Anasayfa » Siyasal Ahlak, Bilimsel Ahlak, Basın Ahlakı…
Ahmet Taner Kışlalı Yazıları Cumhuriyet Gazetesi Haftaya Bakış Köşe Yazıları

Siyasal Ahlak, Bilimsel Ahlak, Basın Ahlakı…

Yazı Hakkında

Başlık: Siyasal Ahlak, Bilimsel Ahlak, Basın Ahlakı…
Kaynak: Cumhuriyet Gazetesi (s.4)
Tarih: 06 Aralık 1992, Pazar

Yazı

HAFTAYA BAKIŞ

AHMET TANER KIŞLALI

Siyasal Ahlak, Bilimsel Ahlak, Basın Ahlakı…

Üniversite, siyaset adamlarını eleştirir. Basın, siyaset
adamlarını eleştirir. İş alemi, siyaset adamlarını eleştirir.

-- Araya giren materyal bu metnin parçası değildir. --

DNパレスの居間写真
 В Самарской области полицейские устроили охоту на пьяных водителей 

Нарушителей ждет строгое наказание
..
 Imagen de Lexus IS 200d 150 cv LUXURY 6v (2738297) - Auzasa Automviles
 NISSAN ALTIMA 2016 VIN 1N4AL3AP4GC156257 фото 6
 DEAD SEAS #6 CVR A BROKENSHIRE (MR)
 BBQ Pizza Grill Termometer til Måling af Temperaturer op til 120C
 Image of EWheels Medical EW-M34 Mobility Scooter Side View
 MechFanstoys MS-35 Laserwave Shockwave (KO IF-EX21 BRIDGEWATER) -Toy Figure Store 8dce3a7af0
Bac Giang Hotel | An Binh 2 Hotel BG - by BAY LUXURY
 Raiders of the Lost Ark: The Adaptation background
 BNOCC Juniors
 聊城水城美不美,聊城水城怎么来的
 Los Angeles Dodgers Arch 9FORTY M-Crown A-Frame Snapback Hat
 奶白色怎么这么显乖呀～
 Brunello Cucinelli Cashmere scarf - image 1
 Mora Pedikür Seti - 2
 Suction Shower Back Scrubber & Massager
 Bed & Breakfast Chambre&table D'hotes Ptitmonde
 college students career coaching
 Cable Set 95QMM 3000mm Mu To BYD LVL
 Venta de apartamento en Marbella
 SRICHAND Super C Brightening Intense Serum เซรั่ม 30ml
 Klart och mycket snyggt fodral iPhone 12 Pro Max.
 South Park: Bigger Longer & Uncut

Siyaset adamlarının bireysel çıkarlarını ülke çıkarlarının önüne geçirdikleri söylenir. Siyasal ahlak ya da ahlaksızlığın birçok sorunun çözümünü zorlaştırdığı, hatta darbelerin nedeni olduğu savunulur.

TV kameraları Meclis’teki boş sıralarda dolaşır. Haklı tepkiler yükselir.

Ama o seslerini yükseltenlerin, kendi görevlerini ne ölçüde yerine getirdikleri sorulmaz. Objektifler üniversite
hocasının dersine, ticaret adamının perde arkasına, basının mutfağına çevrilmez.

Bir kişinin yapması gereken işi paylaşmış olan üç kişi, o kadarcık görevi bile savsaklarken siyaset adamlarını eleştirerek rahatlar…

Aslında tepkiler haklı da tepkileri verenler haksızdır!..

★★★

ANAP’ta olup bitenler siyasal ahlaka uygun mu?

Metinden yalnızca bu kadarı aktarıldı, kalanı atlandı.